== STORED DATA ==
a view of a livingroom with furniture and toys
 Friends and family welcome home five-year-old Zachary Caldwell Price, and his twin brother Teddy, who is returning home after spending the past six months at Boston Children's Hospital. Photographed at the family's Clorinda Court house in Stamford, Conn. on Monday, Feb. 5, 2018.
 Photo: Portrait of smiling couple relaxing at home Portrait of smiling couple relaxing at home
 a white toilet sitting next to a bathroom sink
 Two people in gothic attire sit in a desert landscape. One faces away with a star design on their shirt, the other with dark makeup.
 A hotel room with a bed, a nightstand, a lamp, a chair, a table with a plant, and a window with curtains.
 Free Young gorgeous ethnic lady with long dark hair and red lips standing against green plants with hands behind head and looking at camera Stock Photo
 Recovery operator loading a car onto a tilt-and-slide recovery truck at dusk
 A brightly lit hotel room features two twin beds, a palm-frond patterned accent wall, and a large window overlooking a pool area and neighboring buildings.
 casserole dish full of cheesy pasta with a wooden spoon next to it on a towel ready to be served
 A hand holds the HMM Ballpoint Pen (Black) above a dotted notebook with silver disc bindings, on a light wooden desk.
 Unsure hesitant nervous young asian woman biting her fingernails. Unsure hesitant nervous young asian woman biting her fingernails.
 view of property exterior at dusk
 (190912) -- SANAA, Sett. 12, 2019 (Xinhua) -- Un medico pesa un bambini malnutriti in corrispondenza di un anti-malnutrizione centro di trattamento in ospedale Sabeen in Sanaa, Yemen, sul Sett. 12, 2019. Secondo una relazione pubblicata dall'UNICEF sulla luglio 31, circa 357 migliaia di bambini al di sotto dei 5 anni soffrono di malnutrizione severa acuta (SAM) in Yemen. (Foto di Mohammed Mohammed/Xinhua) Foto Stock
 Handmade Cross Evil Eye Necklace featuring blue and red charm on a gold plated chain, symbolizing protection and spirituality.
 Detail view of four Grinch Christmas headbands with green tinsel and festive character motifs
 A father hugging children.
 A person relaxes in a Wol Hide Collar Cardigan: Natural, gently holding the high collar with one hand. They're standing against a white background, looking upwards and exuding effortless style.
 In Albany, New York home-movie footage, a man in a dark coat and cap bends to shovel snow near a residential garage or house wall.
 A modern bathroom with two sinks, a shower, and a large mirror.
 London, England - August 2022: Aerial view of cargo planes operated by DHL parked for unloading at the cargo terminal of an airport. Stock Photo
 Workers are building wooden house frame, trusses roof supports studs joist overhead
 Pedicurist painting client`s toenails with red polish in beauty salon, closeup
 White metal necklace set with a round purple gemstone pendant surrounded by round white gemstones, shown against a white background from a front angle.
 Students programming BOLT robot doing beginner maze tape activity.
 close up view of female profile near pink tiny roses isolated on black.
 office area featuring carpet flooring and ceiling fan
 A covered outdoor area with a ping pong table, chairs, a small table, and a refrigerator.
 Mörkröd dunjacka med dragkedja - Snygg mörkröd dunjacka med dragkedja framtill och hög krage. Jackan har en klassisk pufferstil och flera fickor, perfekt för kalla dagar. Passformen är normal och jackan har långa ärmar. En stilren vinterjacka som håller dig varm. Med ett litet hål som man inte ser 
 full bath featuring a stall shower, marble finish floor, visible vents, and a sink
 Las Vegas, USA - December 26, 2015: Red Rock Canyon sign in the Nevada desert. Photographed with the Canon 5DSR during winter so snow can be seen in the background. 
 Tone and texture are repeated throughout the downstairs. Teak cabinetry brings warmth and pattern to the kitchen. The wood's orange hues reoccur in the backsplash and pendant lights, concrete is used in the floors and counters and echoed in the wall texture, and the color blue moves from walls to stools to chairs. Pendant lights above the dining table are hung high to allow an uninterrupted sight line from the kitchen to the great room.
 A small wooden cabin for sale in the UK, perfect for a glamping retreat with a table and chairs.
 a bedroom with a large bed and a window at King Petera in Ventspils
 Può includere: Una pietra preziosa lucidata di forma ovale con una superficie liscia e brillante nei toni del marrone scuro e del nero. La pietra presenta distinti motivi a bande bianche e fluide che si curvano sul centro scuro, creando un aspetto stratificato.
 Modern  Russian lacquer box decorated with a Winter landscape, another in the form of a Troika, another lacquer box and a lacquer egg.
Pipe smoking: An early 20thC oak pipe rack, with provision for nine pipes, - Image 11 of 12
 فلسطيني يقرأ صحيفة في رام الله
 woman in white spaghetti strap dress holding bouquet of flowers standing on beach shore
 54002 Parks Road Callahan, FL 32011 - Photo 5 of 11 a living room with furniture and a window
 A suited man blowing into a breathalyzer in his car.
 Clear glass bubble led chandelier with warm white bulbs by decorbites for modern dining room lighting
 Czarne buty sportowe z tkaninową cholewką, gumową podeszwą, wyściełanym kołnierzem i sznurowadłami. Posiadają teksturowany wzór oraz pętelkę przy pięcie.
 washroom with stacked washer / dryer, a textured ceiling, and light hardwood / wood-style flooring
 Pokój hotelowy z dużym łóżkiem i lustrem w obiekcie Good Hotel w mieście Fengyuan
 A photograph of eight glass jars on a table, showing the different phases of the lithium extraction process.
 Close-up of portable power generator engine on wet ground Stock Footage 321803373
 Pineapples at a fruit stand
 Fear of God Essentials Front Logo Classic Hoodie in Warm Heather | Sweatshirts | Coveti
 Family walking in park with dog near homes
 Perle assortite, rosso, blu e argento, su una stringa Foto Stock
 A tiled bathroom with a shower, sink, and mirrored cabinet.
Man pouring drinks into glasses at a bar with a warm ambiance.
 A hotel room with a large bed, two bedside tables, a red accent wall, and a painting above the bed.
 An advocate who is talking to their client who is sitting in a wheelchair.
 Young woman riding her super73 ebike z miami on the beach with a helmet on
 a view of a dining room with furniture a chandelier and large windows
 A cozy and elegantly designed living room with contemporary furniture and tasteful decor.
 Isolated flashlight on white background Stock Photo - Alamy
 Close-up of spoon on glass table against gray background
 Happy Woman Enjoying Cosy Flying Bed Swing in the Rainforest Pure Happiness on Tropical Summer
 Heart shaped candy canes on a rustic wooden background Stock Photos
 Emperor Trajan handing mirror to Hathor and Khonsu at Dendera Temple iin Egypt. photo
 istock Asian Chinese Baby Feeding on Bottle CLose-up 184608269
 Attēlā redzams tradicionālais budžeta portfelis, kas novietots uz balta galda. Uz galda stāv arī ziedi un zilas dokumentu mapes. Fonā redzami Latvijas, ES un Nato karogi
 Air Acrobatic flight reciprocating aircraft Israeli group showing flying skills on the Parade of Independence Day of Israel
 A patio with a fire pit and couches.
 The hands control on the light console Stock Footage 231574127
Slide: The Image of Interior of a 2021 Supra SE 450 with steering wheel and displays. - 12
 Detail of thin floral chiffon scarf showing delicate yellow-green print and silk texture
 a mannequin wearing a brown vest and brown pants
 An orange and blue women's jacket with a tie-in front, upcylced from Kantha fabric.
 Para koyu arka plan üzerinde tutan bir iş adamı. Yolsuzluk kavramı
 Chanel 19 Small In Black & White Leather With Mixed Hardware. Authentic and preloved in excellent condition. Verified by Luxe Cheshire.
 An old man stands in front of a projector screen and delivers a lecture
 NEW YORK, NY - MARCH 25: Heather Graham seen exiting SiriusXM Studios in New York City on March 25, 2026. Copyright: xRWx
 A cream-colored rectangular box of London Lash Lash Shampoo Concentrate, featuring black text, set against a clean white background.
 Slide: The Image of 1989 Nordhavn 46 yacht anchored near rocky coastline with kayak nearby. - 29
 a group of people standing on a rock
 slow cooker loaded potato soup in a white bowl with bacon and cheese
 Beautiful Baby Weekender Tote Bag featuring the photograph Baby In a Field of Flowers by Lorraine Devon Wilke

== WHAT IS BEING ASKED ==
Starting with the first line above and ending with the line that holds "view of property exterior at dusk", restate each line word for word and add nothing else.

== SOLUTION TO THIS EXERCISE ==
a view of a livingroom with furniture and toys
 Friends and family welcome home five-year-old Zachary Caldwell Price, and his twin brother Teddy, who is returning home after spending the past six months at Boston Children's Hospital. Photographed at the family's Clorinda Court house in Stamford, Conn. on Monday, Feb. 5, 2018.
 Photo: Portrait of smiling couple relaxing at home Portrait of smiling couple relaxing at home
 a white toilet sitting next to a bathroom sink
 Two people in gothic attire sit in a desert landscape. One faces away with a star design on their shirt, the other with dark makeup.
 A hotel room with a bed, a nightstand, a lamp, a chair, a table with a plant, and a window with curtains.
 Free Young gorgeous ethnic lady with long dark hair and red lips standing against green plants with hands behind head and looking at camera Stock Photo
 Recovery operator loading a car onto a tilt-and-slide recovery truck at dusk
 A brightly lit hotel room features two twin beds, a palm-frond patterned accent wall, and a large window overlooking a pool area and neighboring buildings.
 casserole dish full of cheesy pasta with a wooden spoon next to it on a towel ready to be served
 A hand holds the HMM Ballpoint Pen (Black) above a dotted notebook with silver disc bindings, on a light wooden desk.
 Unsure hesitant nervous young asian woman biting her fingernails. Unsure hesitant nervous young asian woman biting her fingernails.
 view of property exterior at dusk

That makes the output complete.